La piété populaire, souvent opposée à la vie spirituelle et à la vie liturgique, est considérée à tort comme une manifestation moins théologique de la foi. Cet article propose de montrer ce qui sous-tend la force spirituelle et évangélisatrice de cette forme de pratique.
 

Rencontrer des personnes qui portent au cou une médaille de la Vierge, un chapelet entre les doigts ou qui se marquent du signe de la croix en passant devant une église peut provoquer des réactions de gêne, voire de dédain. Toutefois, dans une métropole comme Paris, ces manifestations de la foi sont courantes. Il suffit de passer par la rue du Bac ou même de gravir la colline de Montmartre pour être témoin de ces gestes de foi. Cependant, à l'exception de certains lieux de pèlerinage comme Lourdes, des attitudes qui relèvent des « pieux exercices »1 ne sont pas toujours bien accueillies ni intégrées, y compris dans des églises.

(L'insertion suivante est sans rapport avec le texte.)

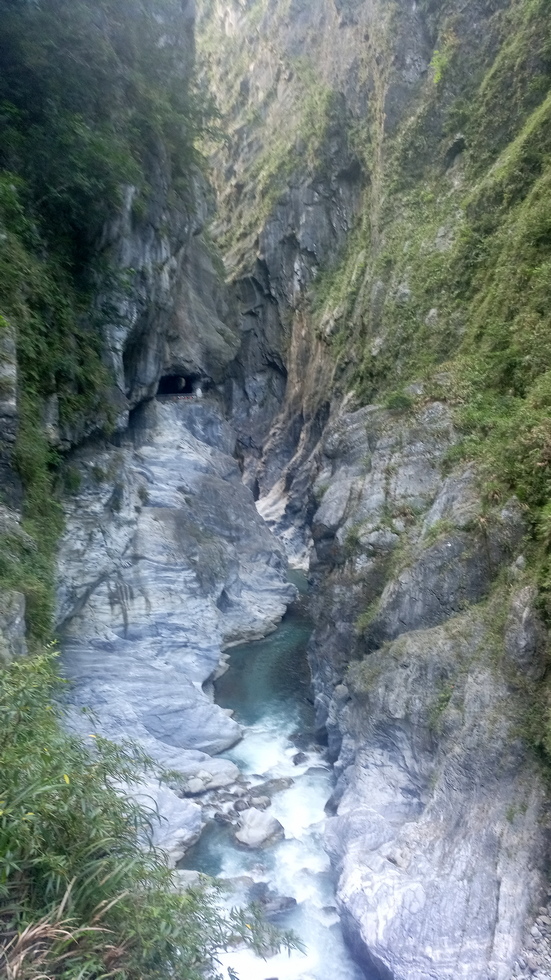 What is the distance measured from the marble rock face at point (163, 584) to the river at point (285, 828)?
1027 mm

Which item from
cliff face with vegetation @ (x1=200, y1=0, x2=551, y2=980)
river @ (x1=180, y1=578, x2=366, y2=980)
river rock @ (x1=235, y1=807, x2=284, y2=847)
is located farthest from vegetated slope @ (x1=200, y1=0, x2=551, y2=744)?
river rock @ (x1=235, y1=807, x2=284, y2=847)

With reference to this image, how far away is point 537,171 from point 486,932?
18180 millimetres

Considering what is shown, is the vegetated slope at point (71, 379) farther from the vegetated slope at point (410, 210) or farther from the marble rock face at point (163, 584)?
the vegetated slope at point (410, 210)

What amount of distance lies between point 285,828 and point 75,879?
931 centimetres

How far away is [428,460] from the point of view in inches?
634

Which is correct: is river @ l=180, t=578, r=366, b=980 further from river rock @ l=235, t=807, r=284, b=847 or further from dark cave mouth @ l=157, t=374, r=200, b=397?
dark cave mouth @ l=157, t=374, r=200, b=397

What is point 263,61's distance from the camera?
45594 mm

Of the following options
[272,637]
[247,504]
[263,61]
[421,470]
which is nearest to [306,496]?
[247,504]

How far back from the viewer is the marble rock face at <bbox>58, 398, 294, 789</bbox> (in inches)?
632

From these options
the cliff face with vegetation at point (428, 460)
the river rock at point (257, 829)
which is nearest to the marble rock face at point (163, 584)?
the river rock at point (257, 829)

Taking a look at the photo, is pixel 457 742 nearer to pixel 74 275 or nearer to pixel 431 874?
pixel 431 874

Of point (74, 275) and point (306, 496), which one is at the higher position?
point (74, 275)

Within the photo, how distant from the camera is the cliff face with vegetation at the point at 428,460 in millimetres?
9500

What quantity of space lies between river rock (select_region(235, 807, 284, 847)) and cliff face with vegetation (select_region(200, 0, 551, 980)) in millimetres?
1482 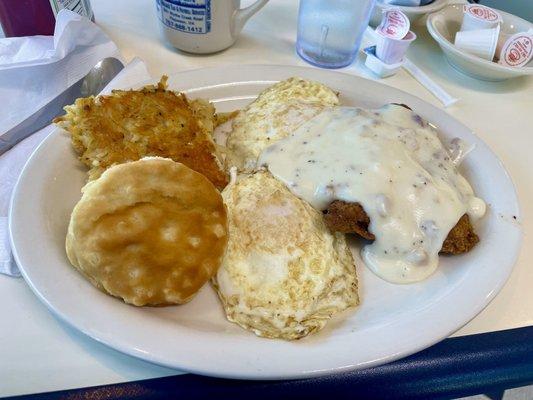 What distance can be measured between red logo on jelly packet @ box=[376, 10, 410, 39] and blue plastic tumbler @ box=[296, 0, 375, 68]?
7 centimetres

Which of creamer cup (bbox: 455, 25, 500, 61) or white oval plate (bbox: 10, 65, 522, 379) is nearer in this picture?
white oval plate (bbox: 10, 65, 522, 379)

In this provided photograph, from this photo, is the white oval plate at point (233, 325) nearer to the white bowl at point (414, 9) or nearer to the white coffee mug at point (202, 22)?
the white coffee mug at point (202, 22)

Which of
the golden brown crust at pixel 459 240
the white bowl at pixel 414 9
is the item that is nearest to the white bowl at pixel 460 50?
the white bowl at pixel 414 9

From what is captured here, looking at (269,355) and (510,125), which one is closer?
(269,355)

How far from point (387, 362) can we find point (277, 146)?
0.57 meters

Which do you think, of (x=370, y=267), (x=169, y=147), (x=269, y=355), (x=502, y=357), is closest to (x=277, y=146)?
(x=169, y=147)

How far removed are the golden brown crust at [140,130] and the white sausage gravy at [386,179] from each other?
0.17 m

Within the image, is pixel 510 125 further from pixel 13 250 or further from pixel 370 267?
pixel 13 250

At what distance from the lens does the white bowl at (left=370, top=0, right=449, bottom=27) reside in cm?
164

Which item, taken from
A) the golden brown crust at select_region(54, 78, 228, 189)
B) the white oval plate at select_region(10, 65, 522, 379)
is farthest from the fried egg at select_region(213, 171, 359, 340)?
the golden brown crust at select_region(54, 78, 228, 189)

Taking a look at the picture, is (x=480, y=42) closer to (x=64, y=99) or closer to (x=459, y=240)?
(x=459, y=240)

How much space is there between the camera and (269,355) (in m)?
0.76

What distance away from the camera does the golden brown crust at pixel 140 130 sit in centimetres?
102

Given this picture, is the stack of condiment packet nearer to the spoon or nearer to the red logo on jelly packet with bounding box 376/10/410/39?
the red logo on jelly packet with bounding box 376/10/410/39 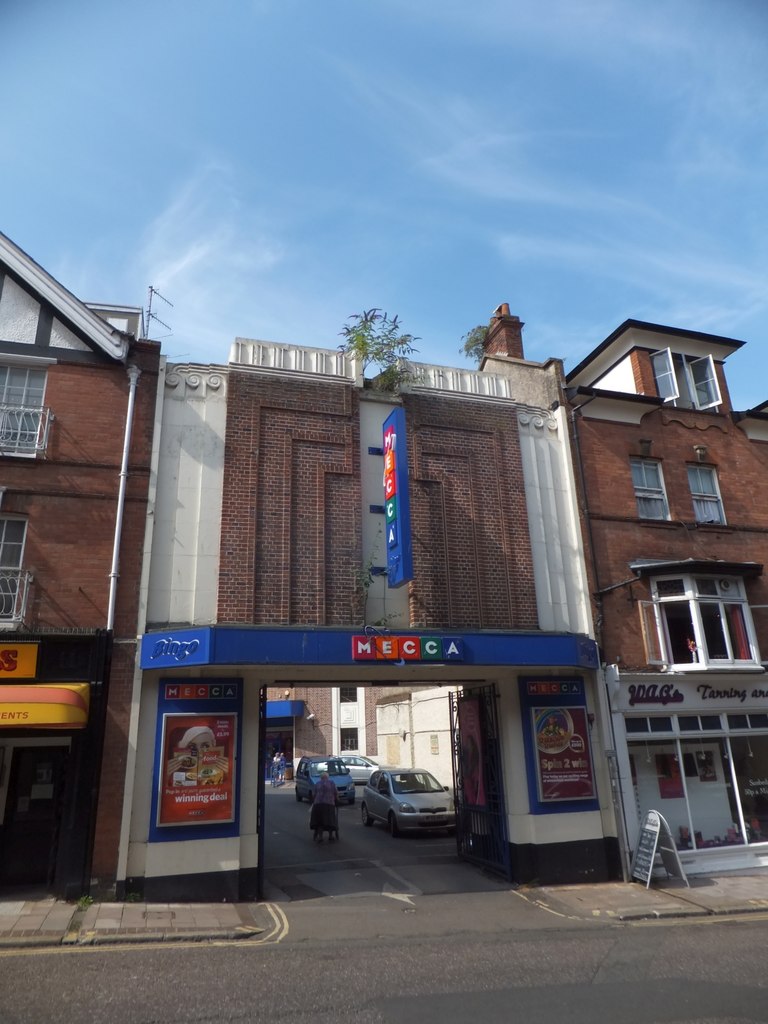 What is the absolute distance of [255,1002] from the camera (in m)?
6.32

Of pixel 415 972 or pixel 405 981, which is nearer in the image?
pixel 405 981

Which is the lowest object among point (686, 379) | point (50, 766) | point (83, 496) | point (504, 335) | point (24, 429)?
point (50, 766)

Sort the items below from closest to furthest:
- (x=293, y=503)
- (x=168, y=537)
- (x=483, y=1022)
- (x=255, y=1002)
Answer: (x=483, y=1022) < (x=255, y=1002) < (x=168, y=537) < (x=293, y=503)

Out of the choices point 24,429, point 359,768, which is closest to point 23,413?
point 24,429

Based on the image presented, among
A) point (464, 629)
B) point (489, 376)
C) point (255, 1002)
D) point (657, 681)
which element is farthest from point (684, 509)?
point (255, 1002)

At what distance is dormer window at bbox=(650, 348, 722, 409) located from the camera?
17.0 meters

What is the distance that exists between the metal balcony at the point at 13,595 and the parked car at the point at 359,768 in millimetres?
20372

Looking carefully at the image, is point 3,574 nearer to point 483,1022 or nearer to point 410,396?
point 410,396

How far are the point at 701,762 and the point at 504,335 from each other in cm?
1127

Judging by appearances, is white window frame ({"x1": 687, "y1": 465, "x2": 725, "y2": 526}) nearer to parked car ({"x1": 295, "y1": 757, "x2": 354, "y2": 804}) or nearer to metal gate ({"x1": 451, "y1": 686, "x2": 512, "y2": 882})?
metal gate ({"x1": 451, "y1": 686, "x2": 512, "y2": 882})

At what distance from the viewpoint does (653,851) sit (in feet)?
38.9

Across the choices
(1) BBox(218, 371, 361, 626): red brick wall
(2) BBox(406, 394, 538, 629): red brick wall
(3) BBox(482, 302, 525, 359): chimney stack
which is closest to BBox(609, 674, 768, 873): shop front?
(2) BBox(406, 394, 538, 629): red brick wall

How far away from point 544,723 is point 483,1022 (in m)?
7.34

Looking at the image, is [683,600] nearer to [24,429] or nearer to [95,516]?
[95,516] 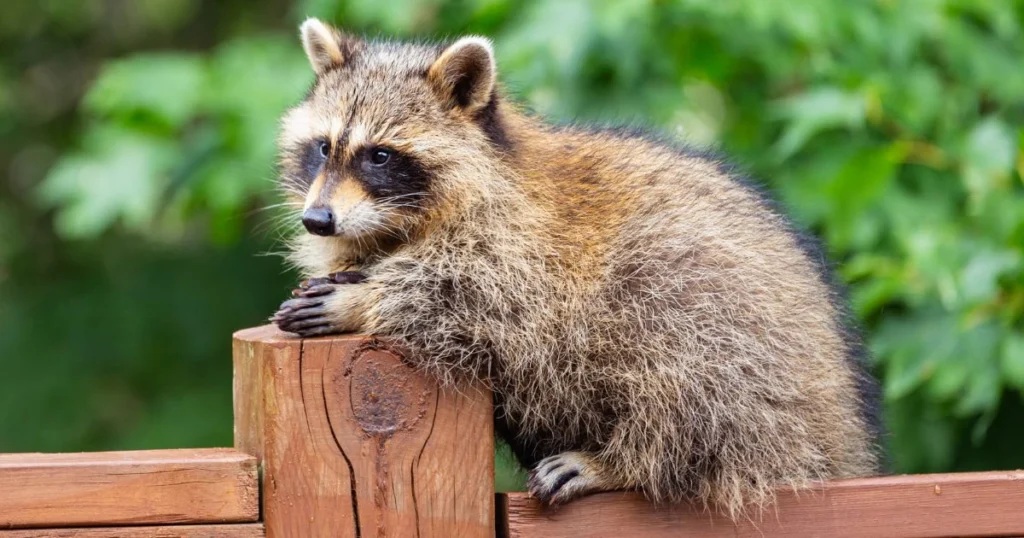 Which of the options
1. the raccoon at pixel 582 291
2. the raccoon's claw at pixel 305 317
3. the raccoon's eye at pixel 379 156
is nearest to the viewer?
the raccoon's claw at pixel 305 317

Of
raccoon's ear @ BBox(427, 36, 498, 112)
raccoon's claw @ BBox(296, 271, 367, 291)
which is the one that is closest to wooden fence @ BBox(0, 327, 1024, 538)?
raccoon's claw @ BBox(296, 271, 367, 291)

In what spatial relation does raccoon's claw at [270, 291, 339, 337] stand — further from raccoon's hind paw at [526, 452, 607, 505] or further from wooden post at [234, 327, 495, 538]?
raccoon's hind paw at [526, 452, 607, 505]

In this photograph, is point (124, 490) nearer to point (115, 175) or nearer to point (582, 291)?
point (582, 291)

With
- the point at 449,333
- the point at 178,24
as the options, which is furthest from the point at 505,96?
the point at 178,24

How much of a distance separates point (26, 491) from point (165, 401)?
17.4ft

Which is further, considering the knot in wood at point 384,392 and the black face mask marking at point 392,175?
the black face mask marking at point 392,175

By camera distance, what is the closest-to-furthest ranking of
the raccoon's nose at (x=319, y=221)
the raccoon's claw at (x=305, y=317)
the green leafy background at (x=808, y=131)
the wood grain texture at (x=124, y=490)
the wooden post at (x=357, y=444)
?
1. the wood grain texture at (x=124, y=490)
2. the wooden post at (x=357, y=444)
3. the raccoon's claw at (x=305, y=317)
4. the raccoon's nose at (x=319, y=221)
5. the green leafy background at (x=808, y=131)

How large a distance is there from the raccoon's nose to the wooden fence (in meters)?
0.58

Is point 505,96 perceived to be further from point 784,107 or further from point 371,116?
point 784,107

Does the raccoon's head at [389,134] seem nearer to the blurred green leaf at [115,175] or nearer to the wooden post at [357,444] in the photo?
the wooden post at [357,444]

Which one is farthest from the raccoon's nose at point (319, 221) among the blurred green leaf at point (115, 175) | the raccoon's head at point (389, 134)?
the blurred green leaf at point (115, 175)

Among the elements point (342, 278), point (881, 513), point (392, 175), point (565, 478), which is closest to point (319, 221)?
point (342, 278)

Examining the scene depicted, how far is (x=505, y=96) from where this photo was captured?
164 inches

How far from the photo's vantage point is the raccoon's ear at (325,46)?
3996 mm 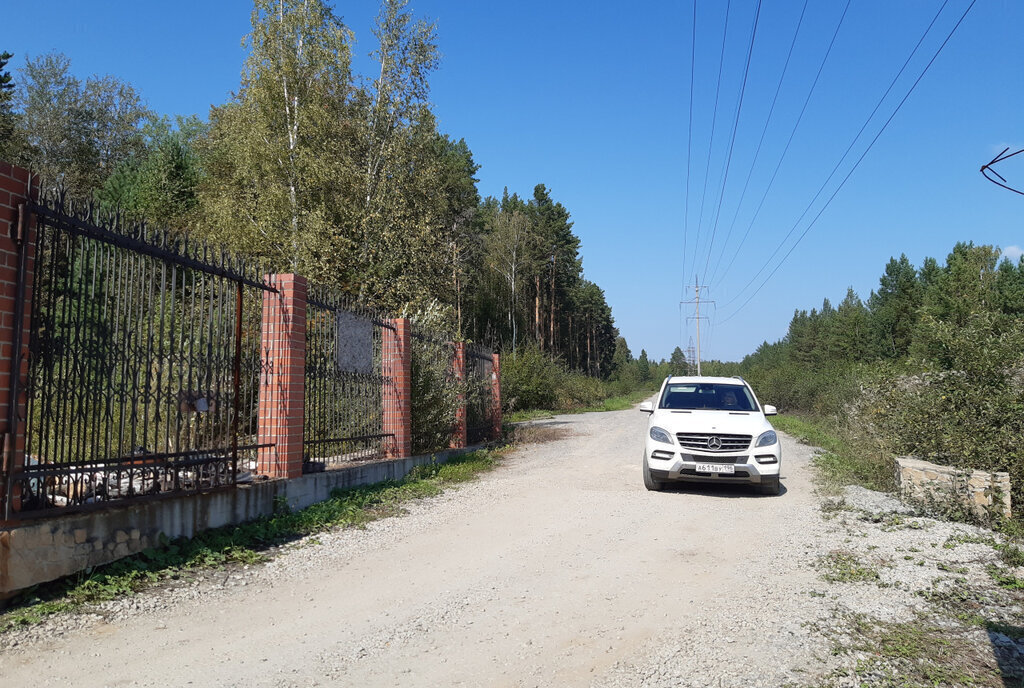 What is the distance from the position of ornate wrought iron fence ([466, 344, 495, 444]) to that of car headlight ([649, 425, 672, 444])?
5.53 metres

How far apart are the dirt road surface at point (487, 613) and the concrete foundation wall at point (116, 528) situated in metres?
0.57

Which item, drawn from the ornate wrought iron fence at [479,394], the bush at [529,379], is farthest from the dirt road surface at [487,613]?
the bush at [529,379]

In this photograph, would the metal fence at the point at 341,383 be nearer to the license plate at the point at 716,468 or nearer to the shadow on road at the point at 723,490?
the shadow on road at the point at 723,490

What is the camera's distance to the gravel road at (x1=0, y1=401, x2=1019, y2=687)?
3.50 m

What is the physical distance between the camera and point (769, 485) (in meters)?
9.16

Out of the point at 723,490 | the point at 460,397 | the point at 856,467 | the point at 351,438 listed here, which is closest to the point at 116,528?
the point at 351,438

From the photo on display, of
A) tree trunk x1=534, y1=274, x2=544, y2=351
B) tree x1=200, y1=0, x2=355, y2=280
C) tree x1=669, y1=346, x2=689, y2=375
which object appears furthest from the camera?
tree x1=669, y1=346, x2=689, y2=375

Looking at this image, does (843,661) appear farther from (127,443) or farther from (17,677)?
(127,443)

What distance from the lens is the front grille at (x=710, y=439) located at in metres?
9.08

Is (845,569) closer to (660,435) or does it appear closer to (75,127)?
(660,435)

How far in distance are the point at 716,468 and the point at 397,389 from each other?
213 inches

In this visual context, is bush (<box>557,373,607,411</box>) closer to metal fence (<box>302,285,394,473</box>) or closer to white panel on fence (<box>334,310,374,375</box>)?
metal fence (<box>302,285,394,473</box>)

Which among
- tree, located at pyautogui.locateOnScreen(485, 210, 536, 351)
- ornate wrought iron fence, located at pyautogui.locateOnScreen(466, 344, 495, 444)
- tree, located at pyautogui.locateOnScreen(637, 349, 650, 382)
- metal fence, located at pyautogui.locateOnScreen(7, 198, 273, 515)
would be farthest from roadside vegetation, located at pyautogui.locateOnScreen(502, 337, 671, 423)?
tree, located at pyautogui.locateOnScreen(637, 349, 650, 382)

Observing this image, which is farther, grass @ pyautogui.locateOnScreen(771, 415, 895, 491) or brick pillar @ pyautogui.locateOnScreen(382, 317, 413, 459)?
brick pillar @ pyautogui.locateOnScreen(382, 317, 413, 459) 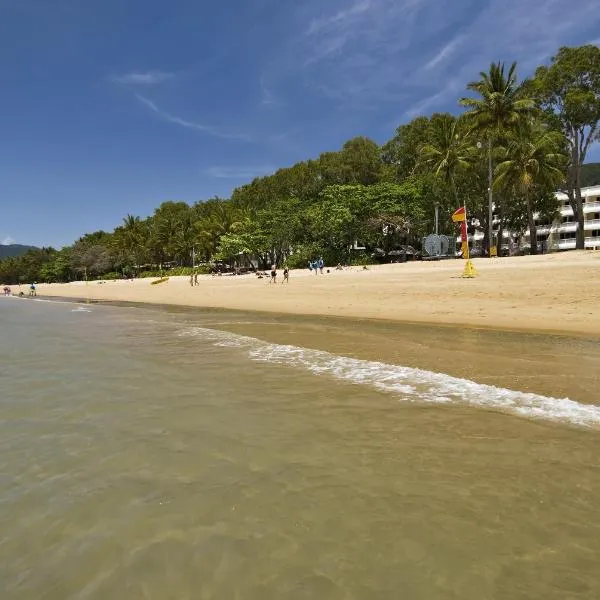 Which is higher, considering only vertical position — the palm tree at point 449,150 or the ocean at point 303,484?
the palm tree at point 449,150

La piété populaire, avec son fort penchant « épiphanique », spontané et corporel, comprise de manière erronée comme une manifestation moins noble, moins réfléchie, voire moins « théologique » de la foi, est opposée à la vie spirituelle et à la vie liturgique, entendues quant à elles comme de véritables expressions de la foi. Deux perspectives théologiques différentes se font ainsi face : « la communication intérieure de l'Esprit saint et la manifestation sensible du Verbe incarné »2, l'une étant pneumatologique et l'autre christologique. Le jeu d'opposition entre profondeur et superficialité, périphérie3 et centre, cache un débat sur le rapport entre les sens extérieurs, ou corporels, et les sens intérieurs, ou spirituels4. La tradition chrétienne a mis l'accent sur la discontinuité entre les sens corporels et les sens spirituels, depuis Origène en passant par Grégoire de Nysse, Bonaventure, Jean de la Croix, etc. Pourtant, ces grands maîtres spirituels ont souvent eu recours à une analogie entre les sens corporels et les sens spirituels, afin de mieux faire comprendre ces derniers par une approximation positive ou négative, selon la réalité spirituelle conce...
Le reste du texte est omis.